Kedipan Mata Jadi Isyarat Pembunuhan: Polisi Tetapkan Bos Distro sebagai Tersangka


Palembang – Antoni (34), seorang pemilik distro, telah ditetapkan sebagai tersangka utama dalam pembunuhan pegawai koperasi bernama Anton Eka Saputra (25). Polisi mengungkapkan bahwa Antoni memberikan isyarat kedipan mata kepada Pongki, rekannya, untuk membunuh korban.
“Pada hari kejadian, korban datang ke distro untuk menagih utang kepada Antoni. Ketika korban sedang mengeluarkan kertas catatan dari tasnya, Antoni langsung memberikan isyarat dengan mengedipkan mata kepada Pongki untuk memukul korban dengan kunci pas yang sudah disiapkan,” ungkap Kapolrestabes Palembang Kombes Harryo Sugihhartono.
Setelah menerima isyarat, Pongki segera memukul kepala korban dengan kunci pas yang disembunyikan di bawah bajunya. Sekali pukulan membuat korban tersungkur, lalu Kelvin, rekan lainnya, menjerat leher korban dengan kabel seling. “Kelvin dan Antoni secara bergantian menarik kabel seling tersebut untuk memastikan korban meninggal. Kelvin juga memukul korban dengan kunci pas sebanyak lima kali dan Antoni satu kali,” tambah Harryo.
Setelah korban dipastikan tewas, ketiga pelaku membawa jasad korban ke belakang distro dan menguburkannya dengan cara dicor. Antoni kemudian mengambil uang korban sebesar Rp 32 juta, memberikan masing-masing Rp 1,5 juta kepada Pongki dan Kelvin, dan menggunakan sisa Rp 29 juta untuk melunasi utang-utangnya sebelum melarikan diri ke Padang, Sumatera Barat.
Harryo menjelaskan bahwa motif pembunuhan ini adalah karena Antoni merasa sakit hati akibat utangnya kepada korban yang awalnya Rp 5 juta membengkak menjadi Rp 24 juta. “Pelaku kecewa dan kesal karena utangnya menjadi membengkak. Bahkan sempat terjadi cekcok antara korban dan pelaku,” jelasnya.

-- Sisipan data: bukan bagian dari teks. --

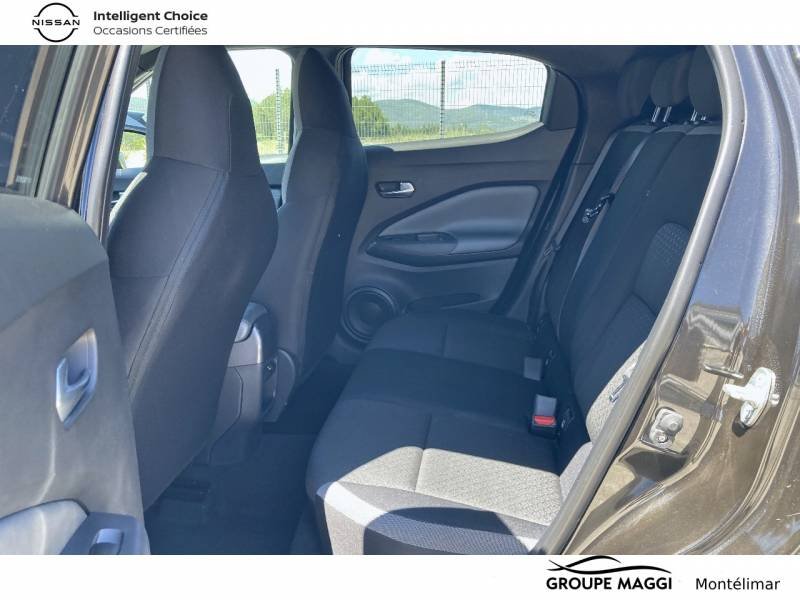 Nissan Juke - Photo 13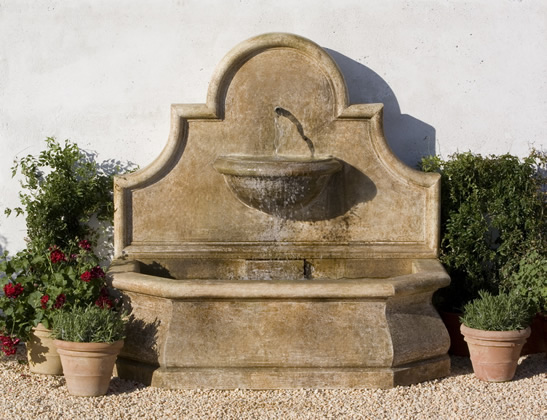 Andalusia Fountain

Saat ini, polisi masih memburu Kelvin yang sudah masuk dalam daftar pencarian orang (DPO). Harryo meminta Kelvin untuk segera menyerahkan diri agar tidak terjadi tindakan tegas saat penangkapan. “Kami tegaskan kepada saudara Kelvin untuk menyerahkan diri baik-baik kepada pihak kepolisian,” katanya pada Selasa (2/7/2024).
Harryo juga mengimbau keluarga Kelvin untuk kooperatif dan membantu menyadarkan Kelvin agar menyerahkan diri. “Kami berharap keluarga yang melihat berita ini dapat kooperatif membantu pelaku menyerahkan diri ke Polrestabes Palembang,” harapnya.
Sebelum menangkap Antoni, polisi terlebih dahulu menangkap Pongki di Batam. Dari penangkapan ini, jasad korban ditemukan dicor di belakang distro pada Rabu (26/6/2024).